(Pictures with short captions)
● ● ● ● ● ● ●
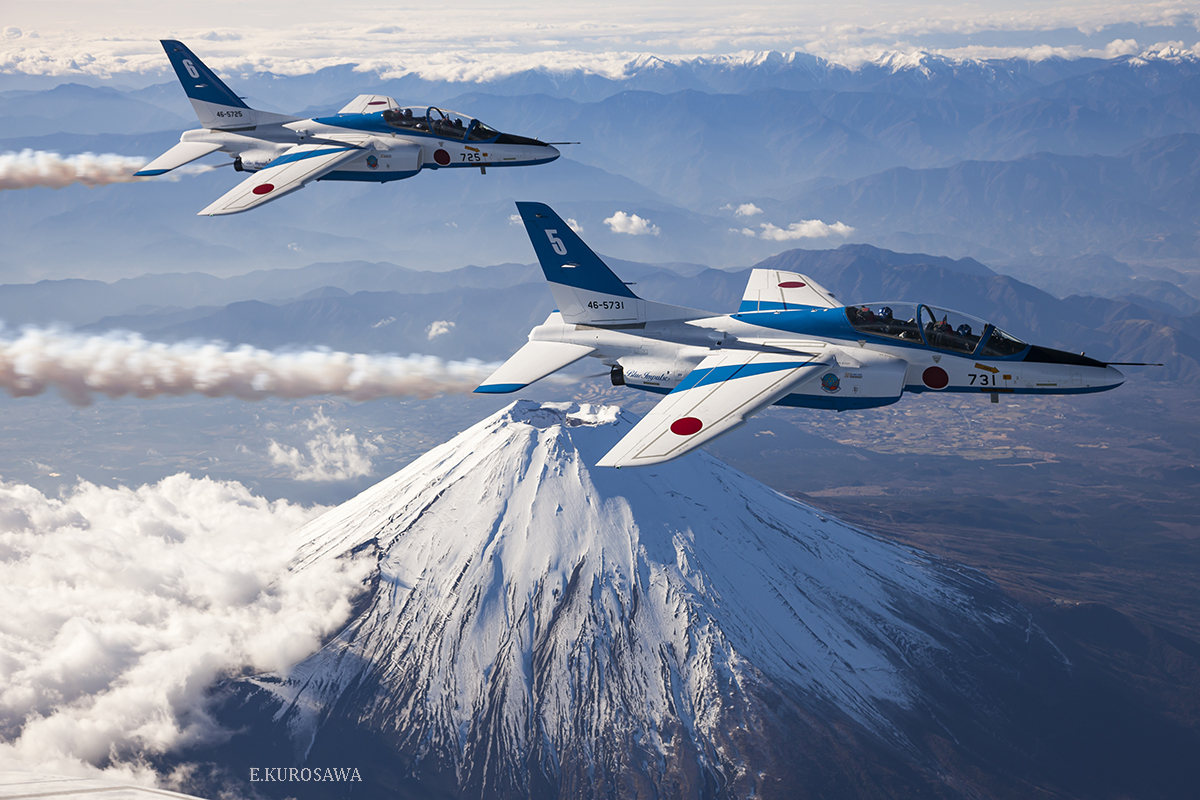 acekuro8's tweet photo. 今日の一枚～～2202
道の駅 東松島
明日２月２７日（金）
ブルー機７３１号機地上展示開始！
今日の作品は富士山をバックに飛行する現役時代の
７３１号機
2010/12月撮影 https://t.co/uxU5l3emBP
● ● ● ● ● ● ●
Please set down every record above exactly as it appears, leaving out the pictures.

 acekuro8's tweet photo. 今日の一枚～～2202
道の駅 東松島
明日２月２７日（金）
ブルー機７３１号機地上展示開始！
今日の作品は富士山をバックに飛行する現役時代の
７３１号機
2010/12月撮影 https://t.co/uxU5l3emBP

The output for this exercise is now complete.